GOAL OF THE EXERCISE –
Your answer should be the lines below from the one with "bungalow-style house featuring covered porch" to the one with "a kitchen with", both included, given again exactly and with nothing added.

GIVEN RECORDS –
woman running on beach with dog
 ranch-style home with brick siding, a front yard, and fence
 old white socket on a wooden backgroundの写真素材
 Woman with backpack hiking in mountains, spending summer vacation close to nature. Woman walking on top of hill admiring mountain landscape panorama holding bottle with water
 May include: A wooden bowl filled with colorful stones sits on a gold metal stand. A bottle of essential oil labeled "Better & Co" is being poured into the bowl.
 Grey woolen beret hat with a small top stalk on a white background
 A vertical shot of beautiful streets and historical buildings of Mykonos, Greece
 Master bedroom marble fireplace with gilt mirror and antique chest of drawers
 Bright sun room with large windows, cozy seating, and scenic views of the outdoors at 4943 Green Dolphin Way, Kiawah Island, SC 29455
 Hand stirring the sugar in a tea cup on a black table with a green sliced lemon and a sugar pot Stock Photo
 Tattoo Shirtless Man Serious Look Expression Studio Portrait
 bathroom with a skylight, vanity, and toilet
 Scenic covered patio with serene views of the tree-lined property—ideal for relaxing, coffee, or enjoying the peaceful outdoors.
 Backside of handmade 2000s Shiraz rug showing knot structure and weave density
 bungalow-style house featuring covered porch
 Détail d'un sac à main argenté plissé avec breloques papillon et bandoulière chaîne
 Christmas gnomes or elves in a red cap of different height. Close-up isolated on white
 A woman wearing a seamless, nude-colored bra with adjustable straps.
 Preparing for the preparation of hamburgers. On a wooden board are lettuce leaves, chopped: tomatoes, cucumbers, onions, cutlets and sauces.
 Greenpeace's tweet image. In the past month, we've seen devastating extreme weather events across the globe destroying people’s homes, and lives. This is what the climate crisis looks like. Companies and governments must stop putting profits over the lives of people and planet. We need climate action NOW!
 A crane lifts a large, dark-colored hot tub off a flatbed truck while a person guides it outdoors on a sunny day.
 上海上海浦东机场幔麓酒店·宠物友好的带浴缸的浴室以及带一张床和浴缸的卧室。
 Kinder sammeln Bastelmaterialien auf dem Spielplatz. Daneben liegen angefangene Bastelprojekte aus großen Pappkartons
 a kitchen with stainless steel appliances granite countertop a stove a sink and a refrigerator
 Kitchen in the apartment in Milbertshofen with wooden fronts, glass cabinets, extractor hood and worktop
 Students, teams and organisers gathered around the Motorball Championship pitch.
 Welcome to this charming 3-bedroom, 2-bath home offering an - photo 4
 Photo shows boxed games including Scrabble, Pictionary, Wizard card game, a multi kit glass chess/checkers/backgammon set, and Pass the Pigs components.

OUTPUT FOR THIS TASK –
 bungalow-style house featuring covered porch
 Détail d'un sac à main argenté plissé avec breloques papillon et bandoulière chaîne
 Christmas gnomes or elves in a red cap of different height. Close-up isolated on white
 A woman wearing a seamless, nude-colored bra with adjustable straps.
 Preparing for the preparation of hamburgers. On a wooden board are lettuce leaves, chopped: tomatoes, cucumbers, onions, cutlets and sauces.
 Greenpeace's tweet image. In the past month, we've seen devastating extreme weather events across the globe destroying people’s homes, and lives. This is what the climate crisis looks like. Companies and governments must stop putting profits over the lives of people and planet. We need climate action NOW!
 A crane lifts a large, dark-colored hot tub off a flatbed truck while a person guides it outdoors on a sunny day.
 上海上海浦东机场幔麓酒店·宠物友好的带浴缸的浴室以及带一张床和浴缸的卧室。
 Kinder sammeln Bastelmaterialien auf dem Spielplatz. Daneben liegen angefangene Bastelprojekte aus großen Pappkartons
 a kitchen with stainless steel appliances granite countertop a stove a sink and a refrigerator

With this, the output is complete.